By Richard Vedder
At meetings of higher education leaders, much talk occurs about the three "A"s: accessibility, affordability, and accountability. These topics are all important, but true reform requires more emphasis on three "I" words:
As someone said at the so-called higher education summit a couple of weeks ago, "no reform is going to happen without the faculty's support." And, basically, there are few if any incentives for faculty to change their ways. Why teach in new ways that are uncomfortable and potentially could reduce faculty jobs? Why conduct research on promising teaching practices, when salary increases are largely publication-driven? Why cut administrative staff when the current bloated bureaucracy reduces the work load on some high level decision-makers, isolate the leaders from some thorny problems, and increases the administrator's sense of power? Why teach more hours per week when teaching is not valued much? Why spend time with undergraduate students, when only graduate students and fellow faculty can help get more research published to advance one's career? Why teach (and utilize buildings) in the summer, when that is when faculty and staff like to work short days and take long vacations? Why teach at 8:00 a.m. in the morning or on Fridays, when I like to sleep in and take long weekends?

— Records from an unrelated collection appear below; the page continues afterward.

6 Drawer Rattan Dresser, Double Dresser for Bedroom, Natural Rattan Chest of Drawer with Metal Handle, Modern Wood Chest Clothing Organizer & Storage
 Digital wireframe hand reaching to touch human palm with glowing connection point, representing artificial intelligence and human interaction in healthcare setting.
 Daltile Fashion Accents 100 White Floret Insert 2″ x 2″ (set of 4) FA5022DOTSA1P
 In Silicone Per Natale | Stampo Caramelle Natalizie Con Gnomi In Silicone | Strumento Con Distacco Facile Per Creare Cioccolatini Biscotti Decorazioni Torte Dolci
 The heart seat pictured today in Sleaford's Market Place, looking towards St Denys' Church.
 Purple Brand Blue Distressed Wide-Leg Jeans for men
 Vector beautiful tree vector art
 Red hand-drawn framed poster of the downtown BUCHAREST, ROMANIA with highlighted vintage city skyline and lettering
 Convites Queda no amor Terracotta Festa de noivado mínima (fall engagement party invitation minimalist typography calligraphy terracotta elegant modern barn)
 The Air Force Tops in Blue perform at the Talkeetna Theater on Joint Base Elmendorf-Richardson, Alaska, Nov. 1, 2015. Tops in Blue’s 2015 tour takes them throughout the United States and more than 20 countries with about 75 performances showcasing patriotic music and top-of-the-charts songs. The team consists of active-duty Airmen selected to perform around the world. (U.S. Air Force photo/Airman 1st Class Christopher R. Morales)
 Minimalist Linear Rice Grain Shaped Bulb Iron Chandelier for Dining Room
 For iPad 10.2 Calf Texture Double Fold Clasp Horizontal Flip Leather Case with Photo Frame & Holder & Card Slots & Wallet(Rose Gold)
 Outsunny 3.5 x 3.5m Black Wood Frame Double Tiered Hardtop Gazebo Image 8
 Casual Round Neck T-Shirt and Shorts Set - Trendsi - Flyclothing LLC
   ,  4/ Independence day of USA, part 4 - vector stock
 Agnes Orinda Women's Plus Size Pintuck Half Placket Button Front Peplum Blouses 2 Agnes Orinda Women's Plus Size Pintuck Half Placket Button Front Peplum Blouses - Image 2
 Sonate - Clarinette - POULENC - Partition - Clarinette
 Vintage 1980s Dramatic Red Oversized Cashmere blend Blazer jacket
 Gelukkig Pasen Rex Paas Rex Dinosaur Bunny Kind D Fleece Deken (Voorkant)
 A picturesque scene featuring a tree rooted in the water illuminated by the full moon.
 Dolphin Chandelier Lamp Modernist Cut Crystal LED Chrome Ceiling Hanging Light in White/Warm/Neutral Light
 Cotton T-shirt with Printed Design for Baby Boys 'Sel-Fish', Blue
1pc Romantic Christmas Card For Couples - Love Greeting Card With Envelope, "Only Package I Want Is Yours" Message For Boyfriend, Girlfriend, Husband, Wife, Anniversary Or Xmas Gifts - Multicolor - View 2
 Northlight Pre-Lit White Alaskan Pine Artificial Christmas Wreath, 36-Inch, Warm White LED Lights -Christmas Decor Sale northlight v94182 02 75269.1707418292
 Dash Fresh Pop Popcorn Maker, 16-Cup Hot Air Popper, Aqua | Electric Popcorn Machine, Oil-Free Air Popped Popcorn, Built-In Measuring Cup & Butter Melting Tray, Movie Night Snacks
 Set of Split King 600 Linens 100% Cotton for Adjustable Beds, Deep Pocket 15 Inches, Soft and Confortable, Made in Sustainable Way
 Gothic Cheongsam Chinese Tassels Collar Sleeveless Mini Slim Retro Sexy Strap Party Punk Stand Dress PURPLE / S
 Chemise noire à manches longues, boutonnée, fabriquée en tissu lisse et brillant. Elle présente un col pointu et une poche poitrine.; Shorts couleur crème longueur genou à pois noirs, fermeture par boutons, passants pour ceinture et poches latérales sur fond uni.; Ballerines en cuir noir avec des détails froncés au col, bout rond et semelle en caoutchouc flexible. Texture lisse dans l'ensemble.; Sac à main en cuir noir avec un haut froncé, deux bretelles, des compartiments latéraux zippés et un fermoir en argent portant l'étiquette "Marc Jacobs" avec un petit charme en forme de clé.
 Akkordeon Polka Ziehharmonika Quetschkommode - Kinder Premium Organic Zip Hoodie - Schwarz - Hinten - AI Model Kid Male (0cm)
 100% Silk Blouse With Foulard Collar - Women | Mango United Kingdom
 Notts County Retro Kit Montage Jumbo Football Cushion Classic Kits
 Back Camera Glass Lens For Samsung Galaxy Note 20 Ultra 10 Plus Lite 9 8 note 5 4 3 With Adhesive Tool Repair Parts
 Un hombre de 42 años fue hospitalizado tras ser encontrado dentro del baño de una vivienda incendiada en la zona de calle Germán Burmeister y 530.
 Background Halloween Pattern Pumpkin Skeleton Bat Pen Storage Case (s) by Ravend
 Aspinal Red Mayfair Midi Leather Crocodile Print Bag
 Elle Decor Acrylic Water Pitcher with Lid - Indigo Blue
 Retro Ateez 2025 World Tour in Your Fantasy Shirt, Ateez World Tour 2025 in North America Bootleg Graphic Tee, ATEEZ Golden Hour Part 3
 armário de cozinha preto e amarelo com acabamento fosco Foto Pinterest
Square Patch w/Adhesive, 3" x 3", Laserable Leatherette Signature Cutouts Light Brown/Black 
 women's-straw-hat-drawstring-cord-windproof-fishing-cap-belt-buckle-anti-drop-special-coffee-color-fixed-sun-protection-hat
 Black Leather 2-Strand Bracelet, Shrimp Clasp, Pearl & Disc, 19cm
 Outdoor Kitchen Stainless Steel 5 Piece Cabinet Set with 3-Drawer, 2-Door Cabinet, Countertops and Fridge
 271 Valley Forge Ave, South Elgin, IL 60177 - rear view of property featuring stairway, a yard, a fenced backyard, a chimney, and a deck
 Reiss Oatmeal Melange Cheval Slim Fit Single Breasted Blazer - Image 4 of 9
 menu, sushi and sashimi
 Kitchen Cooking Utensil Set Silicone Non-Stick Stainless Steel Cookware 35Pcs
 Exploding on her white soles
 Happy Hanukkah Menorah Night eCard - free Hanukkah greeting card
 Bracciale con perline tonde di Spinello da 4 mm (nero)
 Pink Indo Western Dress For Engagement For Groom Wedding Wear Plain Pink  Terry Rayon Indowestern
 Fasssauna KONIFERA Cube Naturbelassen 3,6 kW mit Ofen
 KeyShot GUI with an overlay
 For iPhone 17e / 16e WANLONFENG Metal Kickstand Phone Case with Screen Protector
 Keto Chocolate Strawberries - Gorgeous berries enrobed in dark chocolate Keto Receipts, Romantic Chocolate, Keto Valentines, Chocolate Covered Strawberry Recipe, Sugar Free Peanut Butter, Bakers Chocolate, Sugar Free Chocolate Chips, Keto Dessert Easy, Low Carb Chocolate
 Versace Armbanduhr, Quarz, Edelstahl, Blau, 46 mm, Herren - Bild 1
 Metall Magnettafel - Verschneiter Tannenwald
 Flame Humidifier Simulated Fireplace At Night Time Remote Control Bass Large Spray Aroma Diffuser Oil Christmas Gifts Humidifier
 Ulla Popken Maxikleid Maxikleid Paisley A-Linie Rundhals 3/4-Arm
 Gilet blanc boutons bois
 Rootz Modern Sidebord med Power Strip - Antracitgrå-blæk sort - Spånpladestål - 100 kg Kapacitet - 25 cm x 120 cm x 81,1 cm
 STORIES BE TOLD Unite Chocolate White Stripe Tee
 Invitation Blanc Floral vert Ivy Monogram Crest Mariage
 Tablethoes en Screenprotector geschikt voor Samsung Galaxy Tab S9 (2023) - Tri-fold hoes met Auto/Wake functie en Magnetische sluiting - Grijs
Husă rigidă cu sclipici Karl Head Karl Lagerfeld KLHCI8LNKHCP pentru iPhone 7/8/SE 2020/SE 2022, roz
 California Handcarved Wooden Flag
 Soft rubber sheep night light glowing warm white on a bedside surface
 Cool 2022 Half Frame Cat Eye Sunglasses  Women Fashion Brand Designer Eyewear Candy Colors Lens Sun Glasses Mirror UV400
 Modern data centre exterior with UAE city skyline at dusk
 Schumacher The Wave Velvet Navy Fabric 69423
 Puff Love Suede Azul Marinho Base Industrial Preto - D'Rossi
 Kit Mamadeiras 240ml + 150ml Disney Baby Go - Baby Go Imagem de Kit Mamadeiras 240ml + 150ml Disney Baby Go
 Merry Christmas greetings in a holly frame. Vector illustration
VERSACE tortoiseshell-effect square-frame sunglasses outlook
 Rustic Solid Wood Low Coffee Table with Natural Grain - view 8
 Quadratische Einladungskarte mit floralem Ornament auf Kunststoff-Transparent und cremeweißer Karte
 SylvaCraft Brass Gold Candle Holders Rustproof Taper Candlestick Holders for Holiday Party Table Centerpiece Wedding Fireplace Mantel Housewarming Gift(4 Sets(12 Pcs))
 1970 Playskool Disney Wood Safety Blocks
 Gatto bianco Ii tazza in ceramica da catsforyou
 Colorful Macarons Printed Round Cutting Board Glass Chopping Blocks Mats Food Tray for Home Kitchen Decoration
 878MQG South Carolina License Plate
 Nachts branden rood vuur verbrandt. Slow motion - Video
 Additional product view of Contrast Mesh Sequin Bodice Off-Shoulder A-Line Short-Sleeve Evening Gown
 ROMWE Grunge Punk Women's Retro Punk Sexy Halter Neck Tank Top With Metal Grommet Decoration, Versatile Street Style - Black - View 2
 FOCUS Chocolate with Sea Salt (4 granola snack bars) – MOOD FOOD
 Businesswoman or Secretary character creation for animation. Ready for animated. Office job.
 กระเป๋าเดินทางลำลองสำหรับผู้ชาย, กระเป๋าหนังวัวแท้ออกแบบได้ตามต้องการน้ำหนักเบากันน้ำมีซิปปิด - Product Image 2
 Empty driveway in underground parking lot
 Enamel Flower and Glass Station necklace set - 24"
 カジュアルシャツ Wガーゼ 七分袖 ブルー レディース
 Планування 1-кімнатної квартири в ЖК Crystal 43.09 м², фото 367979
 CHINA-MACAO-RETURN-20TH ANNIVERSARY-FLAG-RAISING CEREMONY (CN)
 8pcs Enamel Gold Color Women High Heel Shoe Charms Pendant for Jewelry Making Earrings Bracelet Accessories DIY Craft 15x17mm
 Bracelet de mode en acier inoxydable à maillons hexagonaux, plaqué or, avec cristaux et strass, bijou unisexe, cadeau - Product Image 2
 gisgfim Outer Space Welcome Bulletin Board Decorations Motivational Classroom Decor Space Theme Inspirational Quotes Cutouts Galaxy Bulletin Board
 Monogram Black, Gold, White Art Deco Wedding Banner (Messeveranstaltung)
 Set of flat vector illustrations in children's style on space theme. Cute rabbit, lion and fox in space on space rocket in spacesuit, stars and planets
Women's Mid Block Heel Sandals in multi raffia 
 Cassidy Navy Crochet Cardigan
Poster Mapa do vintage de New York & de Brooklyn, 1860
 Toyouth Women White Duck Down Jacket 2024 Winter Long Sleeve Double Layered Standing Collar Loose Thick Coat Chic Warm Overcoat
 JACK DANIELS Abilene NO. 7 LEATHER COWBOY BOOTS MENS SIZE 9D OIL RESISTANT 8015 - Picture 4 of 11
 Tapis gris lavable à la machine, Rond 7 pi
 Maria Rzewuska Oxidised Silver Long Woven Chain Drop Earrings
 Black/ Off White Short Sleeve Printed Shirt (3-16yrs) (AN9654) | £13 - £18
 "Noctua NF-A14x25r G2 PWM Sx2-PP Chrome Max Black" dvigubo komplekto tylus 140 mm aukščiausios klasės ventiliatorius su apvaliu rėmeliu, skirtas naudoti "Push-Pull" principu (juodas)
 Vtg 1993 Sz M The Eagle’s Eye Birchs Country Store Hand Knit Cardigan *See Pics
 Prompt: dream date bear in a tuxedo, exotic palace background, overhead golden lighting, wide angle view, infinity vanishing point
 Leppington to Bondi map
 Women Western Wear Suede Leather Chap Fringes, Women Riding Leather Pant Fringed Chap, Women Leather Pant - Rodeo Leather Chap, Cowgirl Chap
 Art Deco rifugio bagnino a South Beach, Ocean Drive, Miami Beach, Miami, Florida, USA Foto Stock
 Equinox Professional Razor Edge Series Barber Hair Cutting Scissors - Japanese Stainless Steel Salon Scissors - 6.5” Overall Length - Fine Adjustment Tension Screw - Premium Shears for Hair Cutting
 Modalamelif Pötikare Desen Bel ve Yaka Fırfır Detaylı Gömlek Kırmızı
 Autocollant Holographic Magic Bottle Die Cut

Faculty and staff have to be given incentives to change. If innovation A will save the institution X number of dollars, perhaps 0.4 X (40 percent of the savings) need to be devoted to providing incentives for faculty and staff to actively work to implement the innovation. Incentives could take several forms, including salary increments.
Providers of funds to universities, both public and private, are often becoming more skeptical about what colleges tell them. Money too often gets misused, as the huge confrontation over the Robertson gift at Princeton suggests. Universities bury embarrassing news, such as rising attrition rates, and even campus crimes. If universities showed extremely high level of honesty and integrity, people would believe and support them more.
Education is about asking and answering questions. An active, lively mind is an inquisitive and imaginative (other "I" words) one. Those in university governance and providers of funds need to ask universities more questions, probe more about how resources are really being used. Have incremental funds supported more teaching or rather narrow research interests of faculty? Have new funds meant generous salary increases to faculty and staff more than new positions, more scholarship aid to students, etc.? Trustees and others need, on average, to question academic leaders more, and usually need their own "eyes and ears" within the university community to report to them on what is going on campus.